Do you have a favorite place to write when you need a change of scenery?

Bio

Martha Crites’ first mystery novel is Grave Disturbance, to be released this fall by Rat City Publishing. She has worked in community and inpatient mental health for twenty years. She has also taught at the Quileute Tribal School on the Washington coast. She lives with her husband in Seattle. When she isn’t working or writing, you will find her walking or volunteering along the Camino de Santiago, the medieval pilgrimage route in Spain. Please visit her at marthacrites.com

Advance praise: “Beautifully written, Grave Disturbance evokes the fragile beauty of the Cascades foothills and the precarious balance of the human mind in the grip of fear. The story feels so real you can smell the dirt from the plundered graves.”
            Jeanne Matthews
Where the Bones Are Buried, a Dinah Pelerin mystery

11 comments:

Jim Jackson said...

I write at my desk. It is my favorite spot. Up north it overlooks the lake from my second floor loft area. Down south I have a standing desk that I love. It overlooks the main gate and the quiet neighborhood – but if something does happen, I know it.

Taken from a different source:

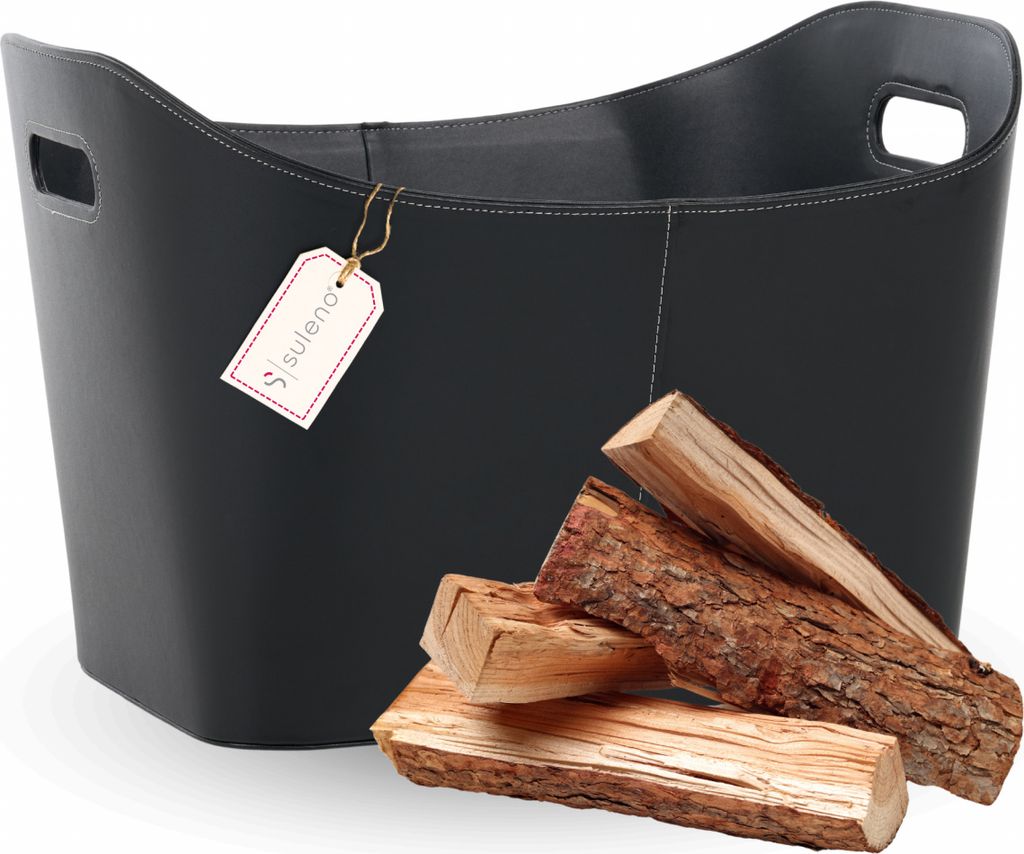 A black leather log basket with a tag and some firewood in front of it.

When I read my work aloud or work on paper and red pen edits, I choose different spots. Up north I may sit in a chair at the lake’s edge, or on our deck or if the bugs are annoying, on the screened porch. Down south I’m either outside overlooking our lagoon or in the sun room overlooking the lagoon. Either way and either place, water is in view.

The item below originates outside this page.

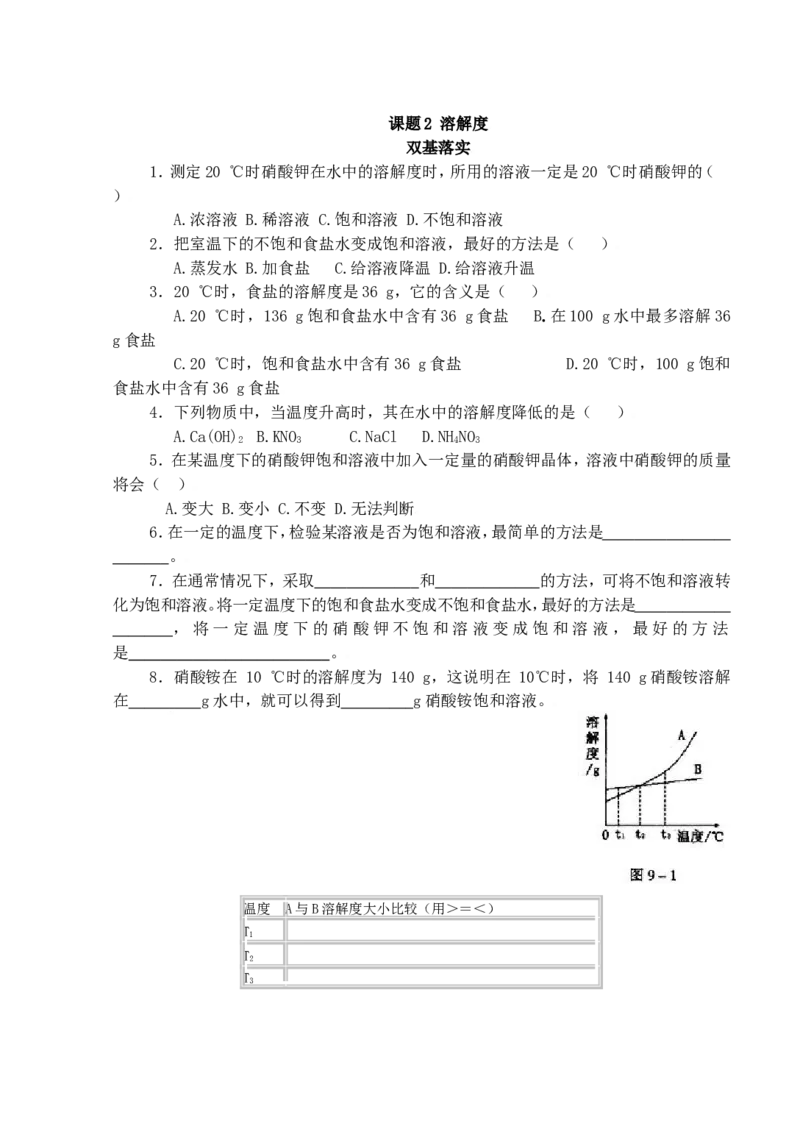 化学：人教新课标九年级下册第九单元课题2溶解度（测试卷）_初中化学_01.人教版初中化学_01.初中化学课件PPT--教案--试题_初中化学18年试卷_人教版九年级化学下册2018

In all cases, I need quiet to concentrate. I could never do real work at a Starbucks or any coffee shop.

~ Jim

Unknown said...

Ah that sounds lovely, Jim. I might be convinced to trade Starbucks for a lake. For some reason, I can tune out Starbucks noise, but if I'm at home, I'd find music too distracting! Some different brain activity-or I just trained myself.

Joanne Guidoccio said...

Hi Martha, Like Jim, I need peace and quiet. I can't focus in coffeehouses. Libraries are a bit better but not always comfortable. Congrats on your first book! Joanne :)

kate said...

Martha, I live in 98118 too! I know that Starbucks. I've written there many a time because it has big chairs. While I can write just about anywhere, I'm most productive where I can hold my laptop on my lap.

Gloria Alden said...

Hi, Martha. Welcome to WWK. Like Jim and Joanne I need to be at home and alone. I can't concentrate if others are anywhere near even if they're quiet. Also, I like to have everything handy like the notes I've jotted down about my characters, etc. I have a sister who lived in Seattle for years, until she and her husband moved to Tacoma. On my times out there visiting them, I've traveled over much of Washington including the Cascades area. I love the area so I know I'll really enjoy your book.

Kara Cerise said...

Hi Martha. Your writing home away from home sounds wonderful. The small Starbucks near me is set up to serve commuters so it has three small tables with uncomfortable metal chairs. When I lived in Los Angeles I frequented a beautiful coffee house with overstuffed chairs and a purple couch that drew an artsy crowd. It was perfect place to write except when I got distracted "people watching."

Unknown said...

Thanks Joanne!

Unknown said...

Kate,
Hi neighbor. I've been appreciating the aircon on these hot days too. Look for me!

Unknown said...

Thanks for the support Gloria. My sister who lives in Ohio is getting yours forChristmas. Shall I start w first in series?

KM Rockwood said...

Like a few other people, I work best at my usual location, a desk in a bedroom that I've taken over as my office. I don't recall having ever felt the need for a change of scenery. The view out my windows is woods and somewhat neglected flower gardens (for some reason the deer have not eaten all my daylillies this year, and I'm thoroughly enjoying them.)

I've only been in a Starbucks once, and I have to admit I didn't see the appeal.

My critique group meets once a month at Cafe St. Amand, an independent little "French" bistro. We get breakfast (the crepes are wonderful) and review the work each of us has brought along. But I don't think any of us have ever tried to write there.

Unknown said...

Hi KM
I love my desk too. Have a nice territorial view. But after awhile I get restless and need to be out. It has helped me increase my butt time!